**Task details**: Repeat every line of the data exactly; no picture belongs in the copy.

**Source material**:
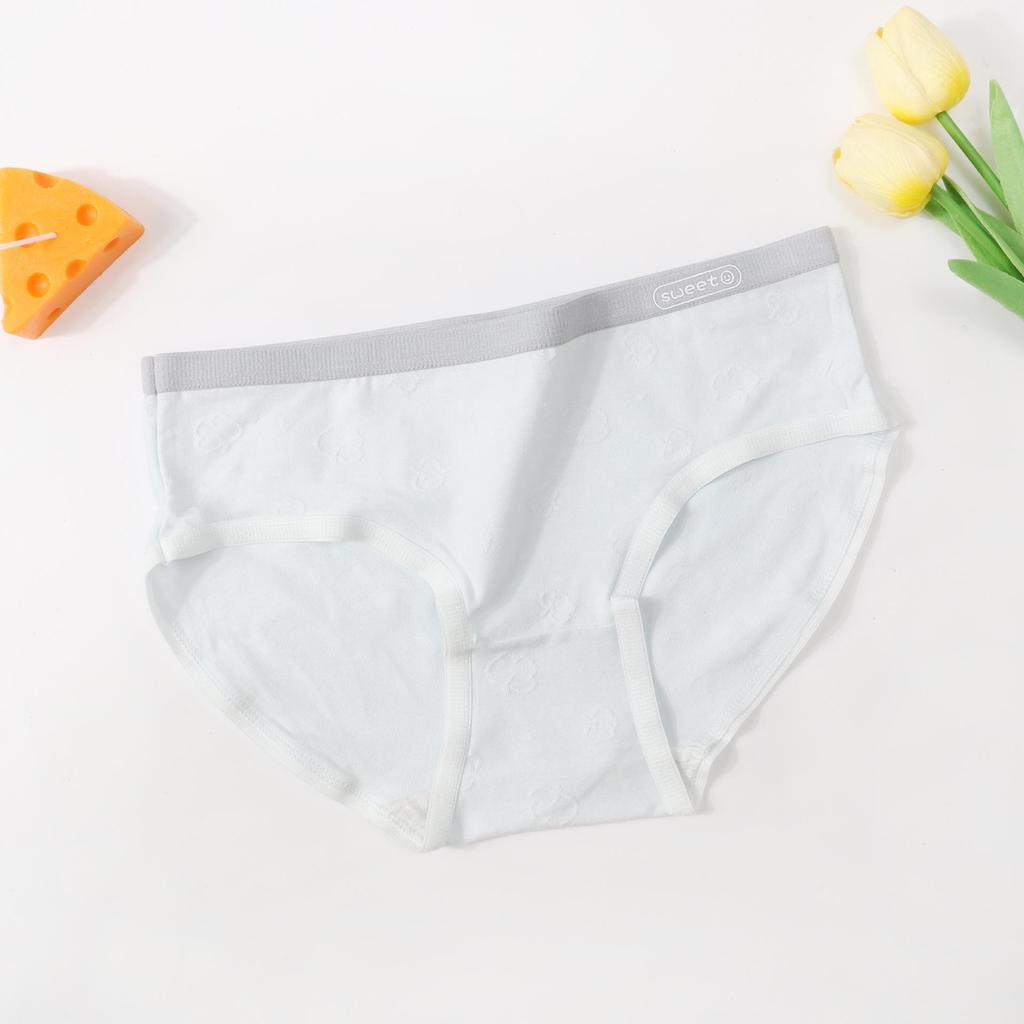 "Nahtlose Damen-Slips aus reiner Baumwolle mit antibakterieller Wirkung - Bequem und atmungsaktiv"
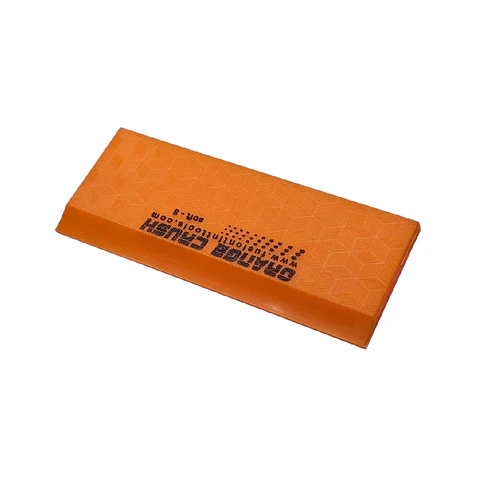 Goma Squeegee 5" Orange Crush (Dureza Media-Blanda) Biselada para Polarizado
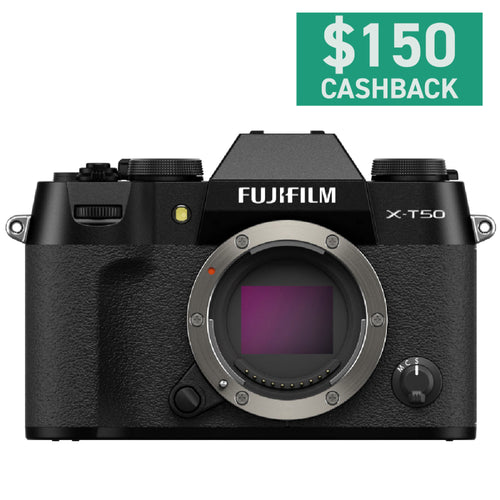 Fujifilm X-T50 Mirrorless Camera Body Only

**Solution to this problem**:
 "Nahtlose Damen-Slips aus reiner Baumwolle mit antibakterieller Wirkung - Bequem und atmungsaktiv"
 Goma Squeegee 5" Orange Crush (Dureza Media-Blanda) Biselada para Polarizado
 Fujifilm X-T50 Mirrorless Camera Body Only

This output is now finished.